Avant d’être consacré en français comme « Le Freischütz », l’opéra de Weber est adapté en 1824 sous le titre Robin des Bois ou les Trois balles : Castil-Blaze pousse la liberté d’adaptation jusqu’à faire revenir le chœur des chasseurs à la fin pour offrir au public français une happy end dont Weber avait privé le public allemand. C’est aussi en 1824 que Castil-Blaze crée à l’Odéon la version française du Barbier de Séville. Castil-Blaze y ajoute quelques récitatifs largement empruntés à Beaumarchais, étend la structure de deux à quatre actes et fait même passer Rosine de contralto à soprano.

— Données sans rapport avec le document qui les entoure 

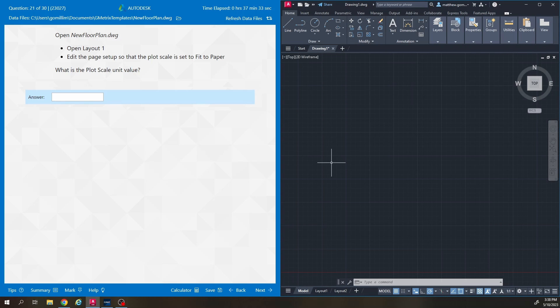What's up, Mr. G here. In this video we're going to be going through questions 21 through 30 of the Gmetrics Autodesk practice exam number two.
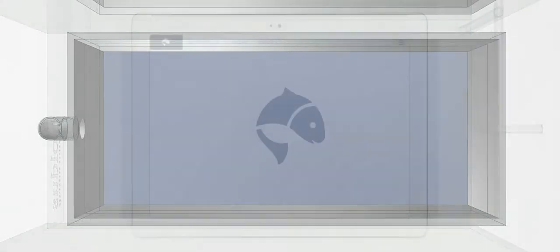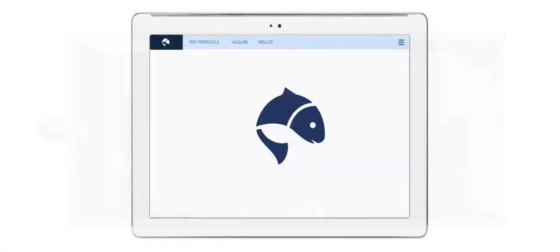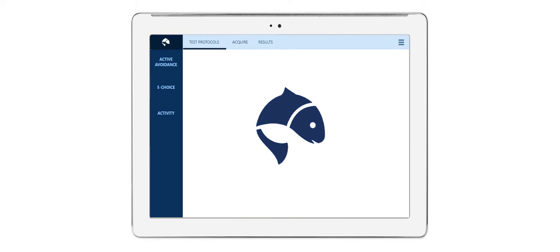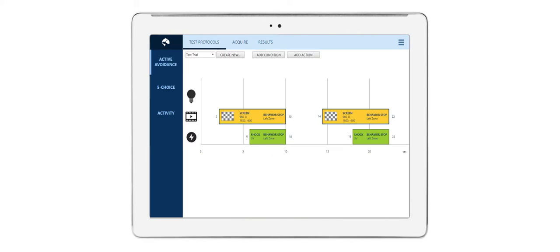With the browser-based software, you can design your test protocol. For example, for an active avoidance test, you can easily adjust trigger times, shock intensity, and the image to be displayed on the bottom of the tank, such as an object, color, predator fish, or in this case, a checkered pattern.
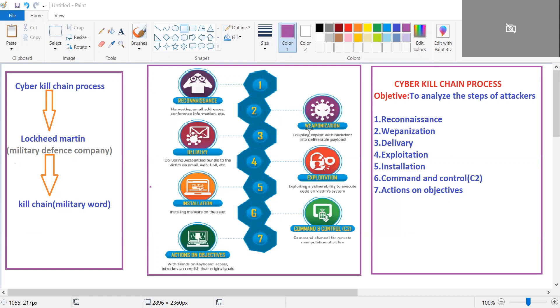After gathering information about the company, the second phase is weaponization. In this phase, the attacker will finalize the weapon — for example, selecting a specific type of malware or exploit to use.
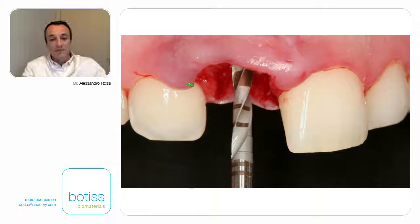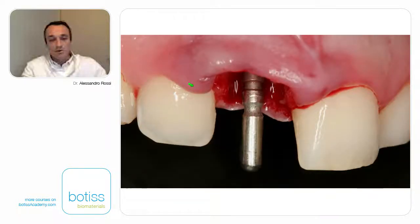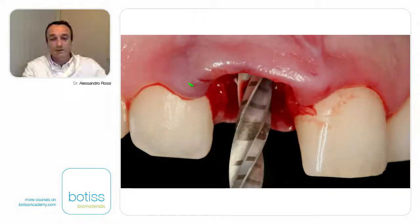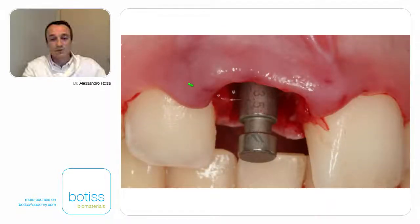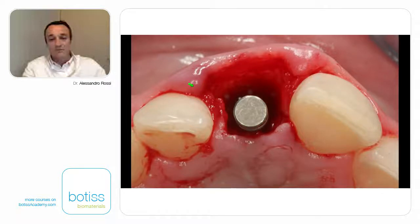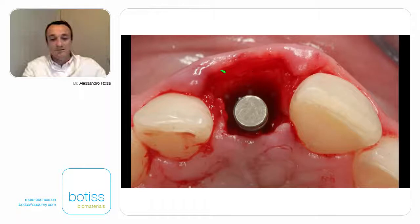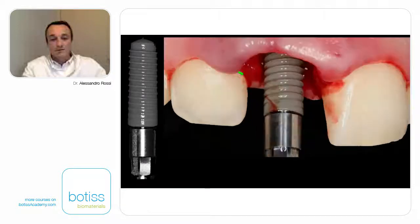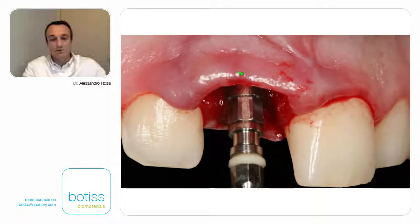Using the guide, we started to prepare our implant site — here the first drill. I normally always check the position of my implant during site preparation. We continued to prepare the site and verified with the last pin the right position, not only in the frontal view but also in the palatal view, to verify that the implant position would be palatal and not too near to the bone on the buccal part. Then I inserted a 12 mm bone level implant.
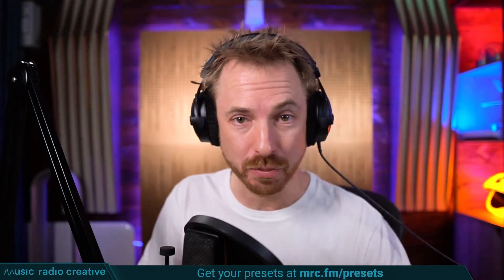Check out my Premiere Pro audio presets. If you're working with dialogue, different microphones, or you need to do some noise reduction in your videos, you need these audio presets. Head over to mrc.fm slash presets to download them now. That's mrc.fm slash presets.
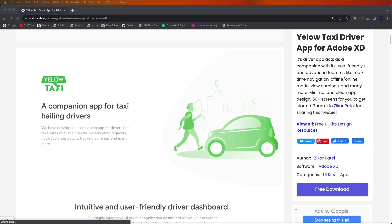Hello viewers, welcome to Core4Any. If you are new, hit the subscribe button and notification bell so you can never miss any of our incredible content. Today I have found the new taxi app designs, and to complete the app designs you need to develop here the complete app with the API callings and admin panels.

Que le traducteur se fasse arrangeur pourrait passer pour un redoublement dans l’inauthenticité. Mais on peut aussi considérer que l’opéra est le lieu où le drame doit épouser la musique et qu’à ce titre, on ne saurait toucher à l’un sans adapter l’autre. Alors qu’il était largement critiqué pour les libertés prises avec les ouvrages d’origine, Castil-Blaze se défendait de faire un travail qui permettait à une partie du public de se familiariser avec l’opéra. Malgré les polémiques, après de longs débats, c’est la version en français avec dialogues parlés qui est donnée à l’Opéra-Comique en 1884. À force de chercher la popularité, certaines traductions de Castil-Blaze ont été jusqu’à transformer des airs de Rossini en chansons de variété, si l'on songe que l’Air de la calomnie du Barbier de Séville a même été repris par Serge Lama.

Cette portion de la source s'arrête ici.